A story about remaking the control system on one of our offseason demo robots

Several years ago, before I was on my team, we built a large air-powered t-shirt shooting robot. The intention was to use it at sporting events to shoot t-shirts into the crowd and show off some of the cool things we do…

Then we ran into some problems. The original design used an 8 slot NI CRIO-FRC, with all the extra stuff needed to make that work properly. This included the use of a Wifi router, which would come back to haunt us later.

The first struggle came when we wanted to reprogram it last year to use different timing opening the large valves. Since our license to WindRiver expired two years ago, and the new control system IDE was incompatible with the CRIO, we couldn’t reprogram it and left that for later.

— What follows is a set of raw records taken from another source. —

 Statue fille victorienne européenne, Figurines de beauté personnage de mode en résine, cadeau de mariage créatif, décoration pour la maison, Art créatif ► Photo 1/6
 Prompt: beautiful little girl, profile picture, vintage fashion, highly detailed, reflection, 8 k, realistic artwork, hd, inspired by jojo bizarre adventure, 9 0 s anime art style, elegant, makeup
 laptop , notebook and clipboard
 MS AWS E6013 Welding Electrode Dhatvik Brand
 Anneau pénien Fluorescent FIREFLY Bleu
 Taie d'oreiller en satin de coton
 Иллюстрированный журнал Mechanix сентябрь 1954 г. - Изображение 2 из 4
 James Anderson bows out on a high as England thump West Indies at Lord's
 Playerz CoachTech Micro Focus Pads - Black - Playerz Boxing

The second struggle came during a basketball game. It wasn’t the first sporting event we’d ever used it on, but it was the first one I’d ever come to to drive. The previous week, we had tested out the t-shirt shooter at our school, and it had worked fine. But at the game, as soon as we tried to drive it more than 10 feet away from the computer, the Wifi lost connection and the robot stalled.

At first we had no idea what was going on. I went into the D-LINK router settings and tried to change some settings to rectify this. I hid the network, password-protected it, and set it to a new channel. My thinking was that all the people had come in and, looking for free wifi, had connected to our unsecured network. However, the problems persisted. There was just too much Wifi interference in the stadium. We were eventually able to find a relatively unoccupied Wifi channel, which still only allowed us to drive about 20 feet into the court and fire into the crowd from there. Not as impressive as we had hoped, given that this was the only game we were able to do that year.

So we have two major problems: We can’t reprogram the CRIO and we can’t use Wifi in a crowded stadium. Last year, we left off with this and as the season drew to a close, and forgot about it.

This year, we came back with a mind to fix those problems. Naturally, I was chosen to head up this. I decided to fix the controller problem by using an Arduino, which would hopefully eliminate the problem of using a computer, xBox controller, and Driver Station software, a problematic system for our purposes. I also wanted to fix the Wifi interference problem, but at that point I had no idea how.

Later, during a discussion with a friend whom I often fly quadcopters with, I almost came upon a solution: using radio control transmitters (the kind R/C planes and quadcopters are controlled with). There were still a few problems with this, namely, that most reliable transmitters use 2.4ghz, the same frequency as Wifi, so it would still be interfered with. Alternately, we could have used lower frequencies, like 70mhz or 50mhz, but these types of transmitters are old and don’t support frequency hopping, and we didn’t want a crazy 150lb robot attacking people due to interference. The second problem was that many R/C transmitters had joysticks and a few switches, but no buttons. We wanted at least one button to fire the air cannon, but we haven’t yet found one with buttons.

Recently, I was flying my DJI Phantom, and realized three things about it: The most important being that it ran on 5.8ghz, not 2.4ghz. The transmitter also has centering joysticks, which are perfect for use with our robot (we use tank drive). We could have had disastrous results driving from an R/C transmitter with a ratcheted throttle on one side. The Phantom controller, on the other hand, has no throttle ratchet, and springs back to the center instead. I also realized that the two toggle switches could be removed, and could be replaced with buttons.

I have one of these controllers for my Phantom: http://www.helipal.com/djipvp-16-5-8ghz-remote-controller-v2.html

It has two centering joysticks, two three-way toggle switches, and a variable lever on the side. This would only require a small amount of modification to use as our robot controller. I decided that we would replace one toggle switch with a panel-mount momentary button. Then we could use the up and down movement of the joysticks to control each side of the tank drive, one three way toggle switch to select which of the three barrels to fire, the button to fire, and the lever to control the lift mechanism of the barrels (we can change the angle). I may also install another momentary switch to activate our 130db truck horn, to alert people when we fire it.

Last week, I figured out how to send PWM signals to a Jaguar speed controller: https://sites.google.com/site/0123icdesign/arduino_jaguar and how to control spike relays: http://www.chiefdelphi.com/forums/showthread.php?t=95974

So that brings us to now, I have spend half the weekend programming an Arduino to decode SBUS, which is the protocol spoken by the DJI receiver module. I borrowed one out of my Phantom, and hope to get another one soon. I will be open-sourcing the code soon, with my modified version of the SBUS library.

Ok this was written several months ago, back when I completed the programming and testing of the code and control system. We have since soldered a protoboard for the Arduino to simplify wiring, and enclosed it all in a little box. If anyone wants code or more info on the connections, just ask (it’s kinda unrefined and messy…). I just recently found this file, I meant to post it a while ago.